With much effort, I look away from the screen. I think about friends, tea cups, climbing trees, George Harrison (circa 1965), today’s to do list, fuzzy quarter horses–anything to ease my stiffened body. Finally relaxed, I look back, determined to write another sentence, no matter what horrible memories it may trigger.

And I write, sometimes fluidly, sometimes tentatively, until the white space overwhelms me again.

Writing isn’t always this hard–yet, when I write about Mom’s death, this is the norm. Does it surprise me? Not really. Mom’s death was unexpected and horrible and shocking. I loved her very much and miss her doubly so. But, I’m not someone who is terribly keen on public displays of emotion, especially if those displays leave me snot faced and red-eyed. So, my words become my tears. I prefer keeping my grief quiet, sentenced, and away from the immediate judgement of others: making the white space my solace and my hell.

In the white space, I get to make sense of Mom’s death and find the hope to move forward. That’s the problem. Mom’s death doesn’t make sense to me. She was a perfectly healthy fifty-six year old woman.
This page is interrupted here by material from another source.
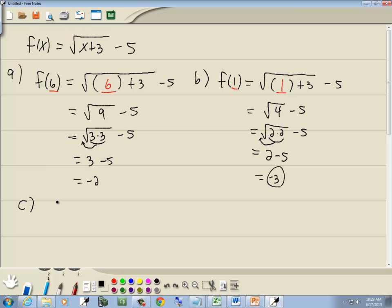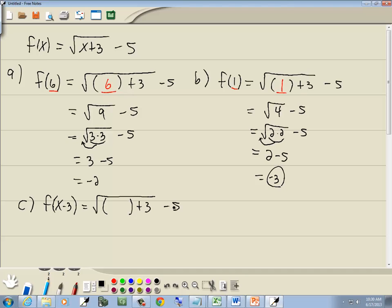For part c, we want to find f of x minus 3. We go through our function and everywhere we have an x, we put in parentheses — so we've got parentheses plus 3 minus 5. We plug in x minus 3 there. The negative 3 plus 3 cancels, giving us the square root of x minus 5, and that's our answer.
So, I am left to construct a fiction, a story, that can sooth the pain the confusion leaves me. It’s hard to build a foundation on top of an ever spiraling void.

Still, when I am persistent, I get lucky. Out of its blankness emerges sentences, images, and ideas that do comfort me; and, if I’m really, really lucky, comfort other people. If that’s my reward, why should I stop confronting the white space? I can’t. I won’t. I’ll just think about George Harrison’s soulful eyes and fuzzy quarter horses and get back to typing.